A client’s consent to future conflicts is “subject to special scrutiny” (citation omitted). The clients’ advance consent must be to a conflict that is consentable and the consent must be informed. The future conflict must be described “with sufficient clarity so the client’s consent can reasonably be viewed as having been fully informed when given” (citation omitted).

NY City Bar Op. 1999-720

In a dispute, where the wife accuses the husband of domestic violence, the husband cannot ask for the “entire file” concerning the wife’s immigration status. According to this opinion, since the attorney is bound by a duty of loyalty toward both clients, absent any prior agreement designating only one spouse as the client, 21 one co-client cannot use the lawyer against the other co-client in the event of a dispute.22

B. UNAUTHORIZED PRACTICE OF LAW

There are several unique issues pertaining to immigration practice that can lead to the Unauthorized Practice of Law (UPL). This section focuses more on the pitfalls that licensed attorneys that may unwittingly subject them to accusations of UPL.

Attorneys in non-profits

A recent decision from the Texas Court of Appeals, Raul Garcia v. Commission for Lawyer Discipline, No. 03-05-00413, slip op., 2007 WL 2141246 (Tex. App. July 26, 2007) (unreported) could impact immigration attorneys employed by nonprofits, especially if they charge fees. In Raul Garcia, the immigration attorney, a member of the Texas bar, was found to have engaged in a fee-splitting arrangement with a non-lawyer and practicing under a trade name. If a non-profit obtains recognition or accreditation from the Board of Immigration Appeals under 8 C.F.R. § 292.2, it will likely escape scrutiny.23 The non-profit in Raul Garcia was not accredited with the BIA. Raul Garcia was also limited to the narrow facts of the case since the nonprofit was previously investigated for UPL. Furthermore, the issue of whether legal services could be performed under the supervision and control of a member of the Texas bar was not considered relevant in the context of the summary judgment issued by the court below, which was upheld by the Texas Court of Appeals.

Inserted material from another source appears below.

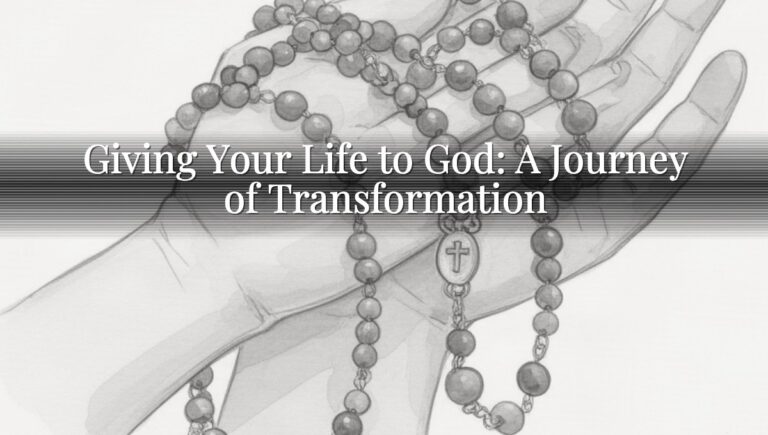 Giving Your Life to God: A Journey of Transformation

The key to understanding the impact of this decision is to read Touchy v. Houston Legal Foundation, 432 S.W.2d 690 (Tex. 1968), cited in footnote 8 of Raul Garcia, which contrasts a non-profit corporation that is “directly representing clients as an attorney by signing pleadings in its name, or by appearing for such clients through its employees,” which would constitute UPL, with “a legal aid society which acts merely as a conduit or intermediary to bring the attorney and client together,” which would not.

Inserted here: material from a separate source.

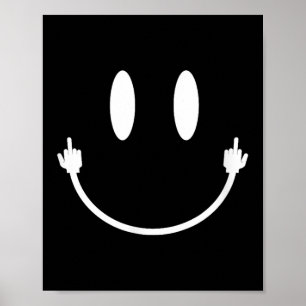 Smile Face Middle Finger Hand Funny Sarcasm Meme S Poster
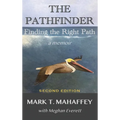 The Pathfinder: Finding the Right Path - Hardcover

In Azzarello v. Legal Aid Society of Cleveland, 117 Ohio App. 471, 185 N.E. 2d 566 (1962), discussed in Touchy v. Houston Legal Foundation, a legal aid society organized as a corporation was challenged on the grounds that it engaged in the unauthorized practice law in providing legal aid to the indigent in criminal cases and legal services to the poor in civil cases. The following extract from the court’s opinion is worth noting:

We come, therefore, to the question of whether or not the Legal Aid Society and its Legal Aid Defender Department in referring indigents to lawyers working on a retainer or under a salary arrangement with the Society is engaging in the unlawful practice of law. At the very outset it must be observed that no benefit can be or is expected by or can possibly result from the legal service rendered to indigent persons to the Society, nor is any such benefit intended. The procuring of counsel in a proper case is the performance of a needed public service. The Society does not act as an intermediary in procuring the services of a lawyer for a person in need of such service who is unable to pay therefore or to respond to the full extent in payment of the value of the services rendered. The lawyer who renders the service for the indigent person is his lawyer, the relationship is that of attorney and client to whom the lawyer owes the same fidelity as if the client was able to pay the proper fee and the client had engaged the services of the lawyer himself.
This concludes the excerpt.